7. BÖLÜM

5.2K 225 2
                                    

7. BÖLÜM

(Devran)

Parmağımdaki yaralı bir öyküymüşcesine bakıyorum yüzüğe. Beni Duru'ya bağlayan bu altın halka sanki tenimde bir ağırlık. Her an dengemi kaybedip, sarp bir uçurumdan düşecekmişim gibi hissediyorum. Geri geri kaçmaya çabalasam da, olmuyor... kurtulmak istesem de, imkansız sanki.

Aklımın bana ettiği bu oyuna bir son vermek istiyorum. Önce gece lambasının aydınlattığı odada gezdiriyorum bakışlarımı, sonra gözüme çarpan fotoğraflara doğru yürüyorum. Çalışma masasının üzerinde duran çerçevelerden birini elime alıp, dikkatlice süzüyorum fotoğraftakini. "Nasıl da çocuksu" diye düşünürken, yatakta huzursuzca yatan Duru'ya bakıyorum.

Her mutluluğa bir hüzün, her yaşayana bir acı mı düşer mutlaka?

Duru sönen hayallerinin ardından perişanken, ben belki de yaptığım hatanın bedelini Duru da ödüyorum. Ayaklarıma dolanan yaşanmışlıklar beni umutsuzluğa tutsak ederken, Duru'ya nasıl özgürlüğünü sağlayacağımı bilemiyorum. Olanların sorumlusu olarak Eymen'i göstersem de, belki de en suçsuzlardan olduğunu biliyorum aslında. Yine de yeterince direnemediği, yaşama tutunacak kadar güçlü ve belki de istekli olmadığı için kızgınlığım... kızgınlığımız ona. Onun sevdiği ile evli olmak yeterince ağır bir yük değilmiş gibi, üstlenmek zorunda bırakıldığım sorumluluğa yeteceğimi de bilemiyorum üstelik.

-"Eymen..."

Duru'nun yattığı yerde kıpırdanmasıyla kendime geliyorum. Hareketlenip, yatağa yaklaşırken duyuyorum bitkin sesini. Dikkatlice bakıyorum ona bu defa. Güzel yüzünden okunan sevdiğine duyulan özlem mi, yoksa hastalığın yarattığı etki mi, anlayamıyorum. Saçlarının terden yüzüne yapışmış olduğunu fark edince elimi alnına dokunduruyorum.

-"Ahh be Duru, ne vardı sanki öylece çıkıp, gidecek?" diye kendi kendime mırıldanıyorum.
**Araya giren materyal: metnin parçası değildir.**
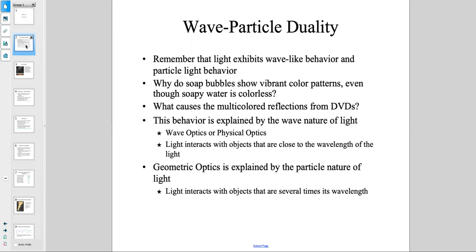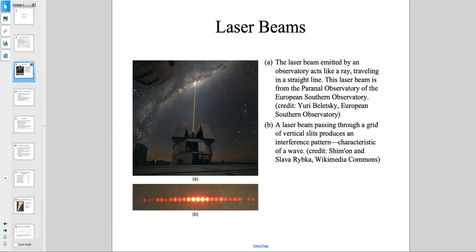Light interacts with objects that are close to the wavelength of the light — this is important. If something is close to the wavelength of the light, then we have wave optics or physical optics. Geometric optics is explained by the particle nature of light, where light interacts with objects that are several times its wavelength. If something is several times the wavelength, then you have the particle nature of light.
Aralık ayının soğuğuna aldırmadan üzerinde bir hırka saatlerce dışarıda kalmış. Şimdi yanakları kızarmış, dudakları titriyor. Sıkıca örtündüğü pikeyi çekip, alıyorum. Biraz daha böyle yatarsa havale geçirebilecek kadar ateşlenmesinden endişeleniyorum.

-"Üşüyorumm..." diye mırıldanıyor ama kendinde olmadığını anlamam uzun sürmüyor.
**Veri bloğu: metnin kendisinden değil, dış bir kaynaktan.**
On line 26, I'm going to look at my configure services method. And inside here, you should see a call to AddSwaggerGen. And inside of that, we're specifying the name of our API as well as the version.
-"Şşş, geçecek birazdan..." diye sakinleştirmeye çalışsam da onu, üzerindeki pijamaların da ıslak olduğunu fark ediyorum.

Böyle yatamaz ki Duru. Ne yapacağımı bilemiyorum bir an. Sonra oturduğum yerden kalkıp, çıkıyorum odadan. Rengim'i uyandırmayı düşünsem de, bu fikrimden vazgeçiyorum anında. Odaya geri dönüp, kapıyı kapatıyor ve olduğum yerde kararsızca düşünüyorum bir an.

-"Eymenn, gitme... lütfen..." diye sayıklamaya devam ediyor Duru.

Saatler önce kendi kendine kararlar alan ben değilmişim gibi, dayanamıyorum bu haline. Bu savaşta tek başıma olsam da, Duru kadar ortada bırakılmış olmadığım da bir gerçek. Neler neler hayal etmişti kim bilir. Şimdi bile "Eymen..." diye sayıklarken, sesinde bir yalvarış, hevesli bir istek öne çıkıyor.

Daha fazla dikildiğim yerde duracak değilim. Yeniden hareketlenip, gözüme çarpan dolapları karıştırıyorum. Burası Duru'nun "eski" odası olduğuna göre, giyecek bir şeyler de bulabilirim diye ümit ediyorum. Öyle de oluyor. Elime geçen bir tişört ile yatağa yaklaşıyorum. Usulca Duru'yu doğrultmaya çalışırken, itirazlarına aldırış etmemeye çalışıyorum. Arkasına geçip otururken, sırtının göğsüme dayanmasını sağlıyorum. Giydiği pijama üstünü çıkartırken yaptığım işe odaklanmaya çalışsam da, Duru'nun ısınmak için bana sokulması işimi zorlaştırmıyor değil.